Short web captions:

—————

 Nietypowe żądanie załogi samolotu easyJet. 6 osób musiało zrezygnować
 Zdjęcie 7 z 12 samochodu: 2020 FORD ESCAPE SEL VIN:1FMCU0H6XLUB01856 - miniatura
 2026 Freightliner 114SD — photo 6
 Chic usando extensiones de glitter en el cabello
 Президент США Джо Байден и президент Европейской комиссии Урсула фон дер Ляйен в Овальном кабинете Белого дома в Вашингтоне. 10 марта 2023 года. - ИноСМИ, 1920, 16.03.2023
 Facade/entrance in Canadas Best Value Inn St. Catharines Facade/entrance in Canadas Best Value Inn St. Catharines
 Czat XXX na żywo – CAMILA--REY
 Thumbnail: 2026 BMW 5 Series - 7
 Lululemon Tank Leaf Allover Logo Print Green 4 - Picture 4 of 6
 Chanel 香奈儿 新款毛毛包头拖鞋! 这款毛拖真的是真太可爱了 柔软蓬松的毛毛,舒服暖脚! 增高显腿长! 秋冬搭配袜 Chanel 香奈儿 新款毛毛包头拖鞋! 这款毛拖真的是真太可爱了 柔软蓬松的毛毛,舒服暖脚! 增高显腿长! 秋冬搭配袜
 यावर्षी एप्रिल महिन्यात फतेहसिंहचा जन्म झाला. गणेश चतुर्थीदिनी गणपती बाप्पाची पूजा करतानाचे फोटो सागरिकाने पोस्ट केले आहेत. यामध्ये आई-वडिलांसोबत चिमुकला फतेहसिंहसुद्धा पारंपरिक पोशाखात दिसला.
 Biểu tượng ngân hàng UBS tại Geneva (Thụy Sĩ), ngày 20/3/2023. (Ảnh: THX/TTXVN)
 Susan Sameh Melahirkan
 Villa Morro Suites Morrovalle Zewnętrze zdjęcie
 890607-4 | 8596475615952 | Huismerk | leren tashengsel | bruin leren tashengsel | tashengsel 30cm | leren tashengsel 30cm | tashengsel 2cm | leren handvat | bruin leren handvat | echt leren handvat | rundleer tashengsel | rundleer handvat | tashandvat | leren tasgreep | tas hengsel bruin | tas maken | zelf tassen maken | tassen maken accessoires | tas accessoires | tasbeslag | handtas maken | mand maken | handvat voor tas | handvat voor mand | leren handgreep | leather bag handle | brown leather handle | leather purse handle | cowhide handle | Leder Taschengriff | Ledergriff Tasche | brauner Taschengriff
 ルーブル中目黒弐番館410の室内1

—————

Required work: Please give an exact copy of the entries above, from the line with "St. Catharines Facade/entrance" down to the line with "增高显腿长! 秋冬搭配袜 Chanel", inclusive, and nothing else.

Expected answer:
 Facade/entrance in Canadas Best Value Inn St. Catharines Facade/entrance in Canadas Best Value Inn St. Catharines
 Czat XXX na żywo – CAMILA--REY
 Thumbnail: 2026 BMW 5 Series - 7
 Lululemon Tank Leaf Allover Logo Print Green 4 - Picture 4 of 6
 Chanel 香奈儿 新款毛毛包头拖鞋! 这款毛拖真的是真太可爱了 柔软蓬松的毛毛,舒服暖脚! 增高显腿长! 秋冬搭配袜 Chanel 香奈儿 新款毛毛包头拖鞋! 这款毛拖真的是真太可爱了 柔软蓬松的毛毛,舒服暖脚! 增高显腿长! 秋冬搭配袜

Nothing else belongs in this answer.